Dr. McEntagart and her colleagues suspected that the answer to this puzzle was that the mother was a genetic mosaic.
We tend to think of ourselves as having just one set of genetic material, which exists in identical form in every one of our cells. But sometimes, people have two or more significantly different
genomes. As our cells divide, some may go through a major mutation. So some individuals end up with groups of cells that have very different DNA from the rest of them.
Dr. McEntagart said that she suspected that the mother she encountered had a normal version of RAI1 in some cells but an altered version in other cells, including her eggs.
We wanted to understand if there was a way to demonstrate that she was a mosaic, Dr. McEntagart said.
Dr. McEntagart got wind that researchers at Baylor College of Medicine in Houston were developing new methods for pinpointing mosaics, and they confirmed that the mother was indeed a
mosaic. Some of her cells carried the Smith-Magenis syndrome mutation.

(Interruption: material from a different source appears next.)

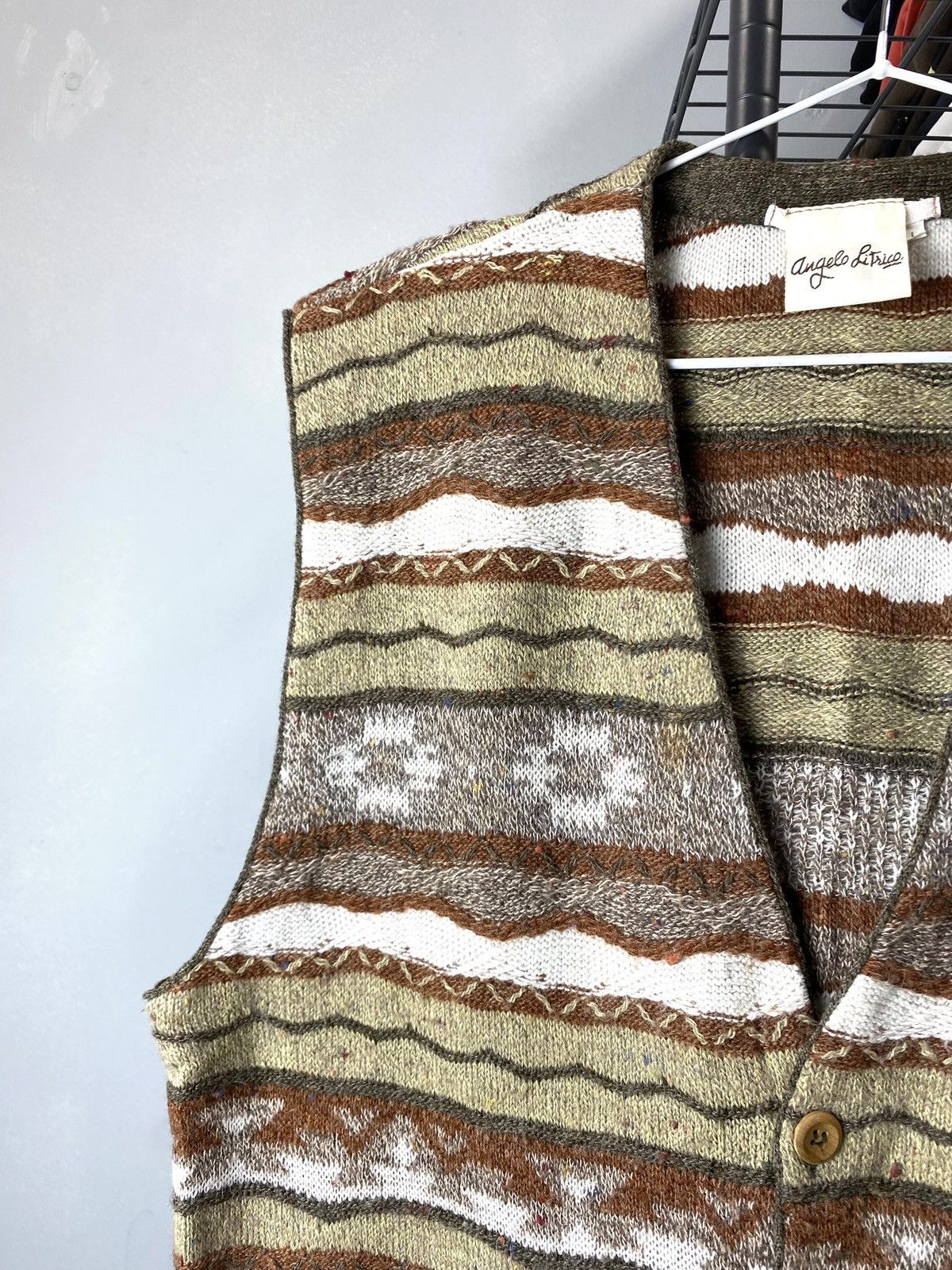 Coogi Rare! Vintage Coogi Style Vest Sweater Western Cowboy Style Size US L / EU 52-54 / 3 - 4 Thumbnail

Scientists have known about mosaicism for decades, but theyve studied it mostly on a case-by-case basis. As a result, it has been hard to tell if the kind of mosaicism Dr. McEntagart
encountered was a fluke, or if it was common enough to be medically important.
In a study released Thursday in the American Journal of Human Genetics, the Baylor team and its colleagues describe the biggest search for cases in which mosaic parents passed down disease-
causing mutations to their children. It turns out to be far from a fluke.
This happens a surprising amount of the time, said Chad A. Shaw, a co-author of the new study.
Michael Snyder, a geneticist at Stanford University who was not involved in the study, said it showed that mosaicism could have a significant effect on not just peoples own health, but on their
children as well.
We will have to be on the lookout for these types of events, he said.